Am anderen Stämmchen  sind zudem auch noch Verfärbungen an einigen Blättern zu erkennen.
 

Leider habe ich den Unholt, der meine Rosen zu zurichtet noch nicht ausmachen können.
Bei meinen Buschrosen im anderen Beet ist übrigens (noch?) nichts zu erkennen. 

Weiß jemand was bzw. wer das ist und wie ich das "bekämpfen" kann??


----------



## rut49 (24. Mai 2009)

*AW: Rosenstämmchen*

Hallo, Frank,
ich hatte im vorigen Jahr auch solche Fraßstellen an meinen Rosen. Nach tagelangen Suchen habe ich 1 (eine) kleine grüne Raupe gefunden. Danach war der Spuk vorbei. Ich hätte nie gedacht, daß ein so kleines Ding so gefräßig sein kann!
Beim 2. hab`ich leider
Bei uns in der örtlichen Hauptgenossenschaft werde ich immer kompetent beraten, vielleicht gibt es bei euch auch die Möglichkeit.  Ein Blatt mitnehmen und schon kann das Problem gelöst werden.

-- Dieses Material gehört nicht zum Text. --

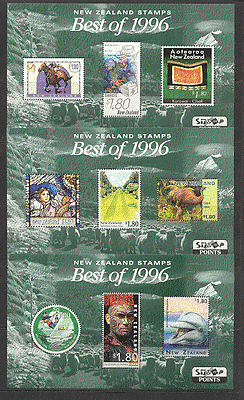 NZ Best of 1996 / Horse / Dolphin / Bird / Boat m / s (3) b4489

einen schönen Sonntag Regina


----------



## Dodi (24. Mai 2009)

*AW: Rosenstämmchen*

Hi Frank!

Könnte der Blütenstecher sein.
Weitere Schädlinge findest Du auf der o. g. Seite auch.


----------



## Frank (24. Mai 2009)

*AW: Rosenstämmchen*

Hi ihr zwei,

@ Dodi

die Site ist nicht schlecht, auch von wegen der Rosenpflege. 

@ Rut
Ooooh Mensch, irgendwie sieht man hin und wieder den Wald vor lauter Bäumen nicht mehr, oder hat mich die ganze Fotografiererei schon so mischugge gemacht ...
Ich habe ebenfalls schon daran gedacht mal bei einem hiesigen Gärtner nachzufragen.
Allerdings habe ich mich gefragt, wie ich es ihm am besten erklären kann: Nur beschreiben? Würde er vllt. nicht richtig verstehen was ich meine.
Ok, Foto machen, ausdrucken und vorlegen. Gute Idee - aber leider auch sehr aufwendig. :?

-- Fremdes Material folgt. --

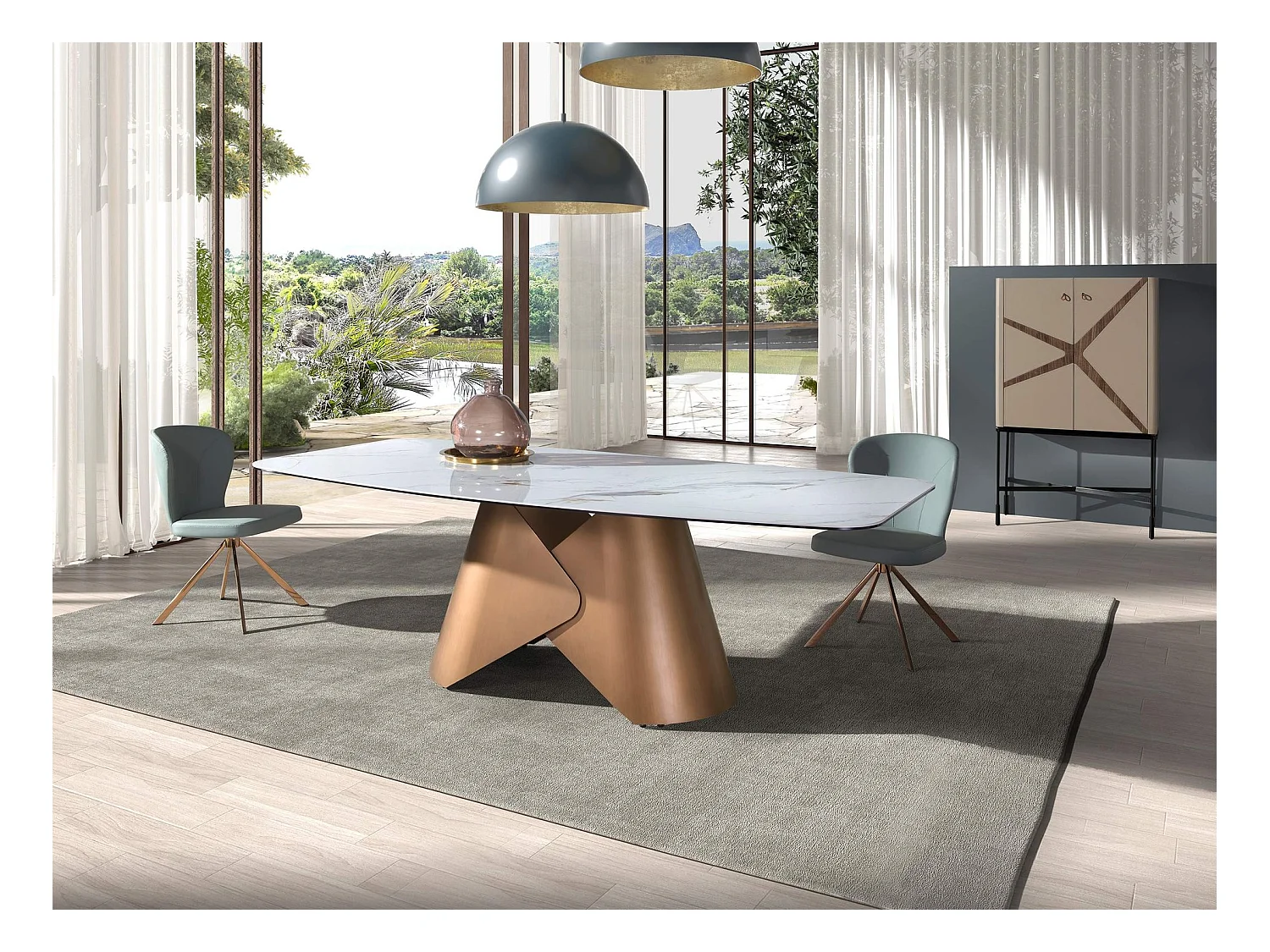 Chaise pivotante en simili-cuir vert clair 4183 ANGEL CERDA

Und dann kommst du mal eben daher und erzählst mir das ich einfach ein Blatt mitnehmen soll. 
Nee, nee, nee, die einfachsten Dinge ...  

Danke dir für deinen Ratschlag.


----------



## MarcusNham (24. Mai 2009)

*AW: Rosenstämmchen*

Moin Frank!

Ich nehme bei Rosenbefall von Schädlingen immer ne Sprühflasche mit Wasser / Apfelessig Gemisch. Jeden Tag einmal einsprühen und nach 3-4 Tagen ist meistens Ruhe.

Gruß Marcus


----------



## Frank (24. Mai 2009)

*AW: Rosenstämmchen*

Hi Marcus,

das kann ich auch mal versuchen. Kannst du noch was zum Mischungsverhältnis sagen?


----------



## 69pflanzenfreund69 (24. Mai 2009)

*AW: Rosenstämmchen*

Hi Frank,

ich hab da mal nen bild von nem raupenbefall an einem trieb. bisher hab ich die aber noch nicht so schön fressen gesehen, der trieb musste leider ab  - wenn die nächte sehr warm und einiges an wind da ist sprüh ich die blätter, vorallem die blattunterseiten abends mit dem schlauch ab - mit der brause. das hat eigentlich ganz gut gefunzt und den rosen nicht sonderlich geschadet machs allerdings nicht an nem windstillen abend, da besteht dann mehltaugefahr.


----------



## Christine (24. Mai 2009)

*AW: Rosenstämmchen*

Hallo Frank,

die erste Rose hat bestimmt eine Raupe als Bewohner. Die sind manchmal sowas von gut getarnt... da kannst Du nur suchen, suchen, suchen.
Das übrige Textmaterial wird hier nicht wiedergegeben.